Annektierung des Westjordanlands: Netanjahu begräbt die Zweistaatenlösung

Bei einem Wahlsieg will Netanjahu das Westjordanland zu israelischem Staatsgebiet erklären- und einen Palästinenserstaat unmöglich machen. Ein Kommentar.

Ein Kommentar von Christian Böhme

Der Mann hat Chuzpe. Da wird ihm nichts Geringeres als Betrug, Bestechlichkeit und Untreue vorgeworfen. Und was macht Benjamin Netanjahu? Er geht am Ende des Wahlkampfs noch mal so richtig in die Vollen. Zeigt allen, dass er keine Grenzen kennt. Dass es ihn nicht schert, was die Welt da draußen für richtig oder falsch hält.

Der Premier will Premier bleiben. Dafür benötigt der 69-Jährige die Stimmen aus dem rechten Lager. Also gibt er vor allem den nationalistisch gesinnten Hardlinern das, was sie seit Jahren fordern, aber gegen das Völkerrecht verstößt: die Annexion von Teilen des seit 1967 besetzten Westjordanlands.

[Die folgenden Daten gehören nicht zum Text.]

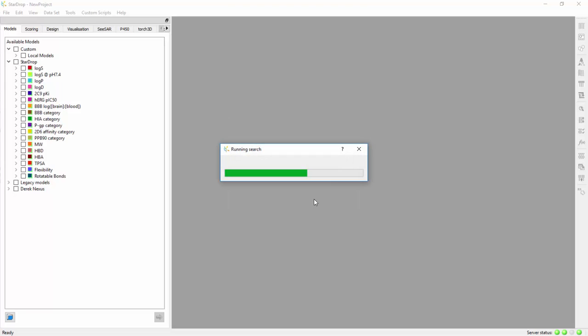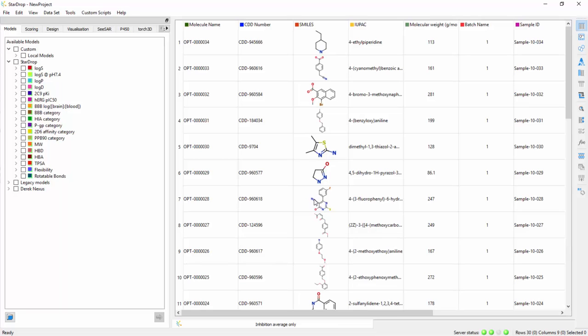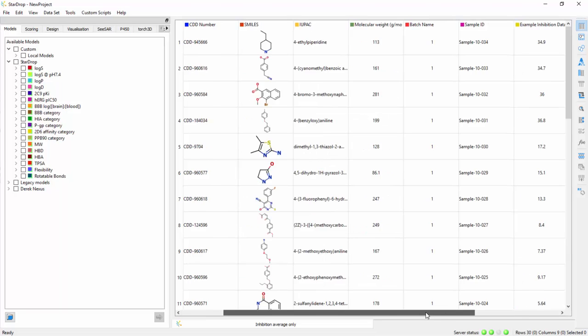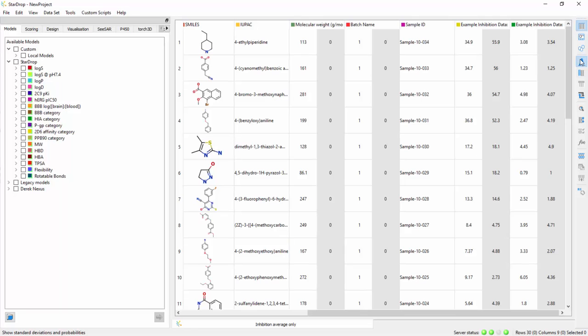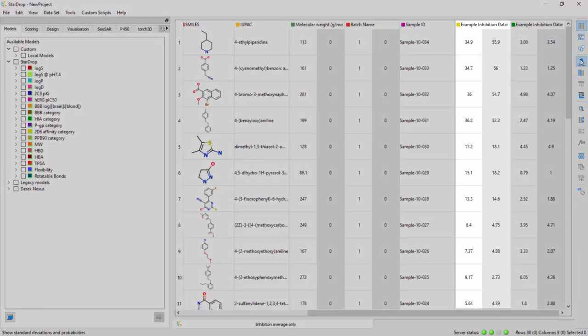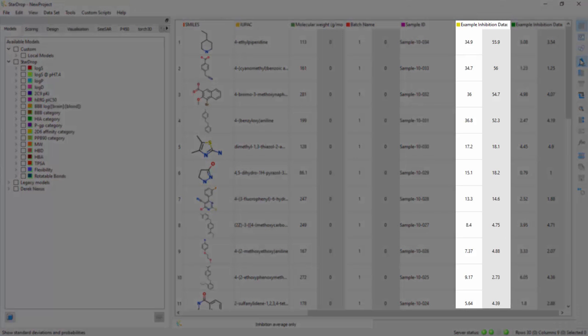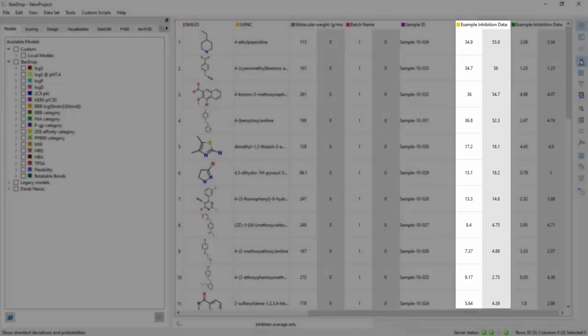Clicking OK will return the data in StarDrop pre-formatted and ready for analysis, visualization, and design. If uncertainties in the data have been stored in CDD Vault, these will automatically be associated with the data in StarDrop.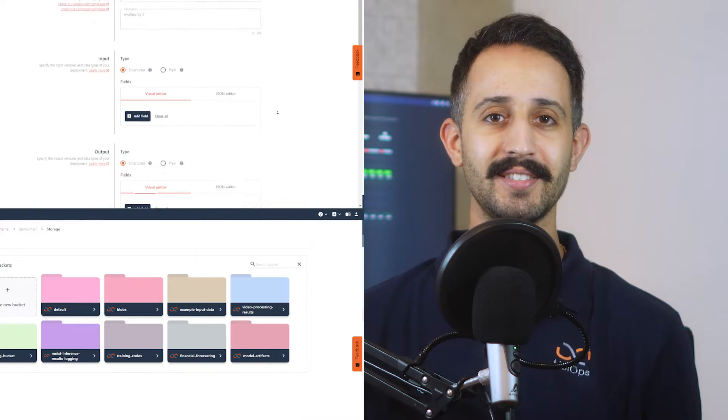Welcome back data scientists. Today we're going to fine-tune a large language model on our very own documentation to create a domain expert AI assistant.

Dort lebt die Mehrheit der rund 600.000 jüdischen Siedler. Und dort verorten die Palästinenser das Herzstück ihres Staates, auf den sie schon seit Jahrzehnten vergeblich hoffen. Sollte Netanjahu mit seinem Versprechen ernst machen – an dieser Bereitschaft sollte niemand zweifeln –, dann ist die Zweistaatenlösung endgültig Geschichte.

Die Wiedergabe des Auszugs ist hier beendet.